## Exercise prompt
Throughout the listing below, copy each line containing "vector".

## Records shown
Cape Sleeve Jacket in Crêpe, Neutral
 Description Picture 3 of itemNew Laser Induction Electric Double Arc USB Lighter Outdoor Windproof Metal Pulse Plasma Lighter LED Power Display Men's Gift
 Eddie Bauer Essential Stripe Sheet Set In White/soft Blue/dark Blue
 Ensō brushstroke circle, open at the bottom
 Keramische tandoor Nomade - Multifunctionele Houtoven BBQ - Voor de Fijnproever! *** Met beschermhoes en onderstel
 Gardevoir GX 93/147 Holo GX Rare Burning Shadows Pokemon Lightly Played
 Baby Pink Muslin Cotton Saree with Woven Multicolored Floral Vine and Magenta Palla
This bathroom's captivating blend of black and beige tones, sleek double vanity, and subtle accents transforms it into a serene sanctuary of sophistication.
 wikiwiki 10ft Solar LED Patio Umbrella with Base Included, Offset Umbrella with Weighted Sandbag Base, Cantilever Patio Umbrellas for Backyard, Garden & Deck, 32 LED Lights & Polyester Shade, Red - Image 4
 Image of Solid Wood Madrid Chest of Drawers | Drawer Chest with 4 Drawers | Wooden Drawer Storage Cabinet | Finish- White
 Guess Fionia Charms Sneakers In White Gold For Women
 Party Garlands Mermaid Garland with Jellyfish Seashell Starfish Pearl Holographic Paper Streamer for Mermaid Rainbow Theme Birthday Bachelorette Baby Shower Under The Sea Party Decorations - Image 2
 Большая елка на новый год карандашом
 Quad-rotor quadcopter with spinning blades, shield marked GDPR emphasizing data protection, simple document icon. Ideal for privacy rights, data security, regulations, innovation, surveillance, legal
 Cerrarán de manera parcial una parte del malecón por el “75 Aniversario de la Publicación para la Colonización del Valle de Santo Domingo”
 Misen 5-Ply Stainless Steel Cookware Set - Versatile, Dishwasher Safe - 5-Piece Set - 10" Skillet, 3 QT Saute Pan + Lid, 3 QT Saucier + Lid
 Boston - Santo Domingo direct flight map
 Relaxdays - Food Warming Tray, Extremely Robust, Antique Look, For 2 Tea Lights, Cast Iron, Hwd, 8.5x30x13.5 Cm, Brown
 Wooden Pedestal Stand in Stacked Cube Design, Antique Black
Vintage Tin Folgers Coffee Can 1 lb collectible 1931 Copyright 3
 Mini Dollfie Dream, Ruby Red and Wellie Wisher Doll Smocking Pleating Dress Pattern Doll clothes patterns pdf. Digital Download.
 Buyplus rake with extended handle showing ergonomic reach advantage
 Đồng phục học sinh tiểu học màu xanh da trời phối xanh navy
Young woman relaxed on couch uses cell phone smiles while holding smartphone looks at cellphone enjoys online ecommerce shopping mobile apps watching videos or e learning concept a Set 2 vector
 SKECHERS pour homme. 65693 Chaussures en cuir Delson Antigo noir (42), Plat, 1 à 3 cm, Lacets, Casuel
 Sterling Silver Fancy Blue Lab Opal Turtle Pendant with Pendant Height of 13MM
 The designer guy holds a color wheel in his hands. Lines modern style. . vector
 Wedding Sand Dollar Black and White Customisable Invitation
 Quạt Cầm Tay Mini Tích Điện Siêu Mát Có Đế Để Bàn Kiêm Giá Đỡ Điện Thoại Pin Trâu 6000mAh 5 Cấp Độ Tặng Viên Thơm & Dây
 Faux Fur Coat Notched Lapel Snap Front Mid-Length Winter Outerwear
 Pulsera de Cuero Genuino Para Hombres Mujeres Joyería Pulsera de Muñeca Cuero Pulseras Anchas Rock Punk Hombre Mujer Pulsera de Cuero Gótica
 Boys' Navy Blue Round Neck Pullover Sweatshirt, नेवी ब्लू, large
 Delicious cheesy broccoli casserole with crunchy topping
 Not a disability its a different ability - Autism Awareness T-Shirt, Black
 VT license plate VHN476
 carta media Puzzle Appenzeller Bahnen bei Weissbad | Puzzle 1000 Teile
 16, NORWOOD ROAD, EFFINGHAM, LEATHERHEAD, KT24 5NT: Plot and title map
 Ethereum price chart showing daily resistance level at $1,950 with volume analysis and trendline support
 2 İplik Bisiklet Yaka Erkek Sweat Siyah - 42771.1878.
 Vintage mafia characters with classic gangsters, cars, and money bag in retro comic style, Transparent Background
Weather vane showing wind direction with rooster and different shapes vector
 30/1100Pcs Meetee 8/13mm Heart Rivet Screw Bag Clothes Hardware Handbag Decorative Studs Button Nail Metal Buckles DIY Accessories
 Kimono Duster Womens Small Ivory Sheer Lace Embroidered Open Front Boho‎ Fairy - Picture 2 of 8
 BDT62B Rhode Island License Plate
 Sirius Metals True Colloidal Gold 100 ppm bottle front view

## Answer to this exercise
Young woman relaxed on couch uses cell phone smiles while holding smartphone looks at cellphone enjoys online ecommerce shopping mobile apps watching videos or e learning concept a Set 2 vector
 The designer guy holds a color wheel in his hands. Lines modern style. . vector
Weather vane showing wind direction with rooster and different shapes vector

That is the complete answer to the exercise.